YOUR TASK:
Would you print out all of the data exactly and keep the pictures out of it?
Start of COLLECTED DATA
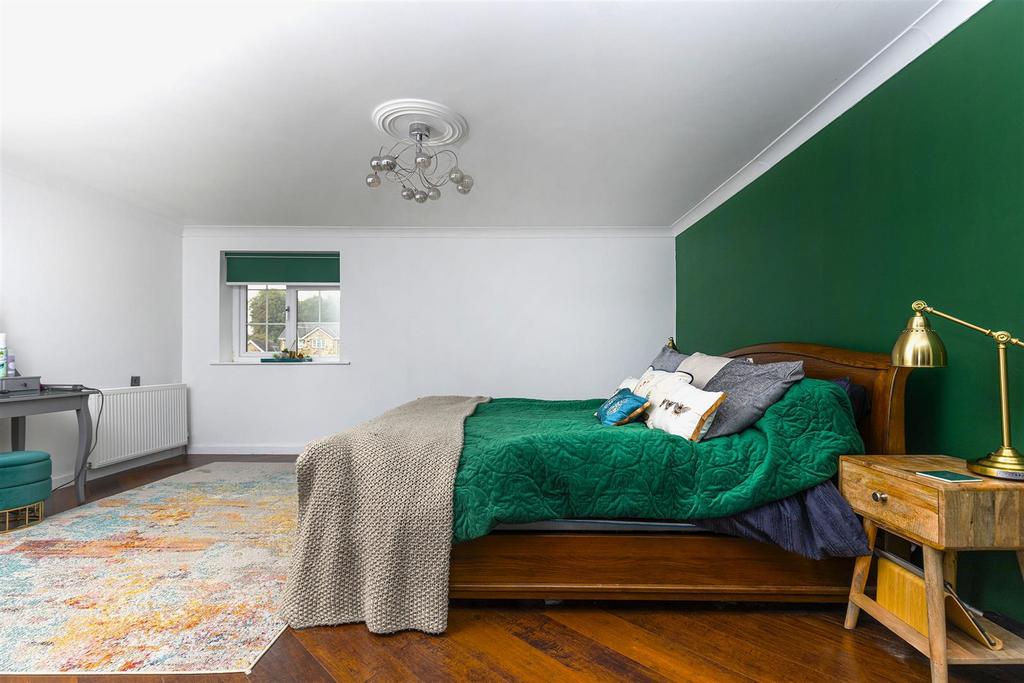 Bramleys Estate Agents - The Fairway - Fixby (33.)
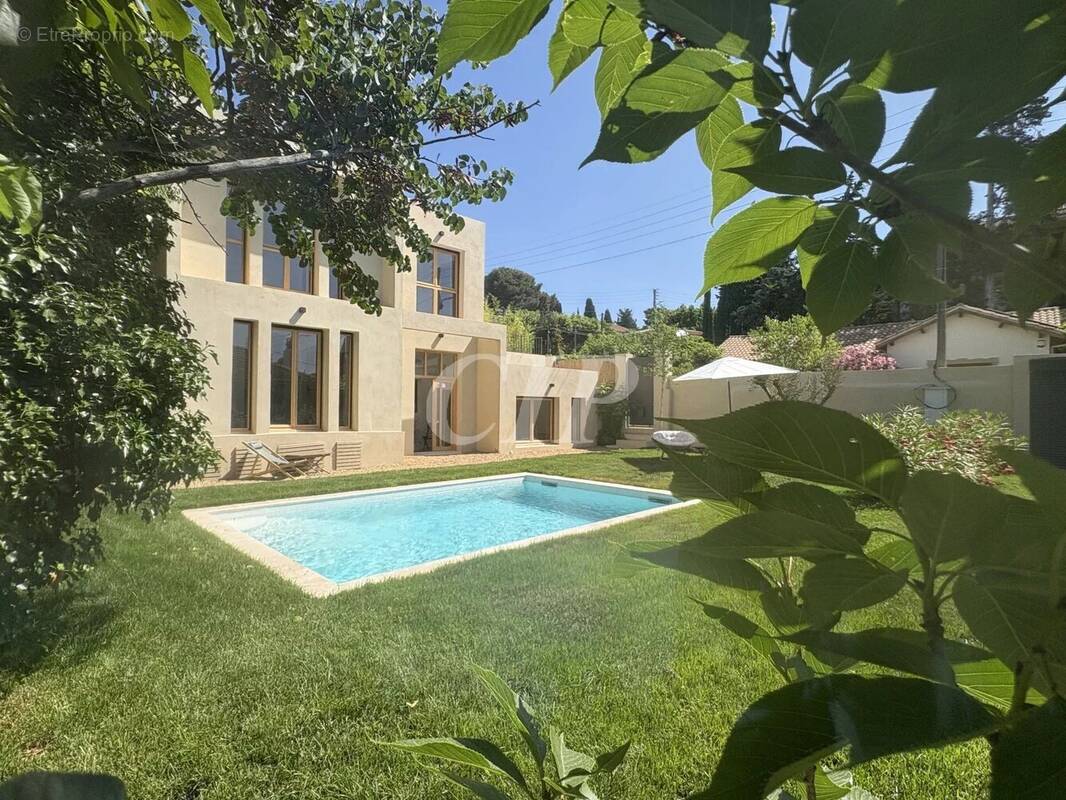 Maison à AIX-EN-PROVENCE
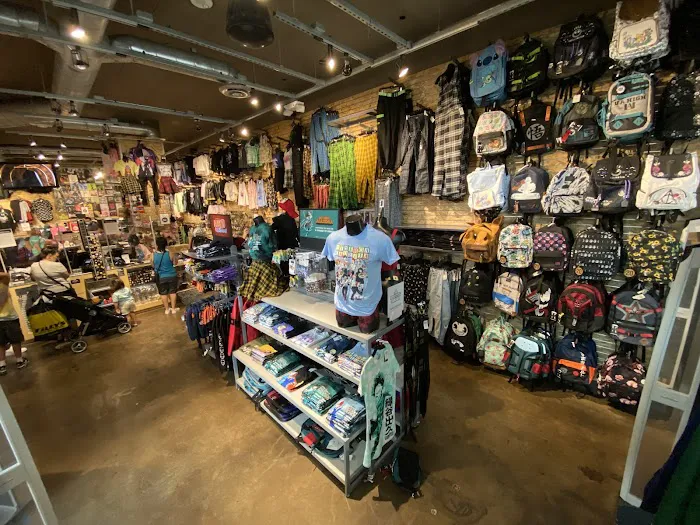 Hot Topic 7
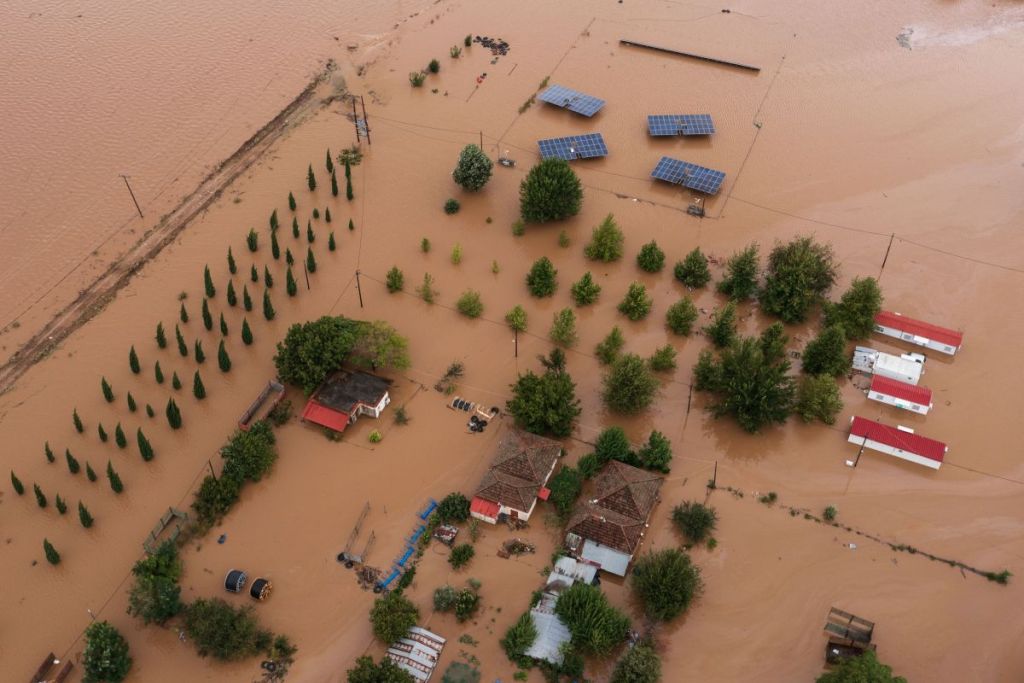 Κακοκαιρία Daniel: Εγκλωβισμένοι, αγνοούμενοι και φόβοι για νεκρούς στα πλημμυρισμένα χωριά – Ανησυχία για τον Πηνειό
End of COLLECTED DATA
OUTPUT:
 Bramleys Estate Agents - The Fairway - Fixby (33.)
 Maison à AIX-EN-PROVENCE
 Hot Topic 7
 Κακοκαιρία Daniel: Εγκλωβισμένοι, αγνοούμενοι και φόβοι για νεκρούς στα πλημμυρισμένα χωριά – Ανησυχία για τον Πηνειό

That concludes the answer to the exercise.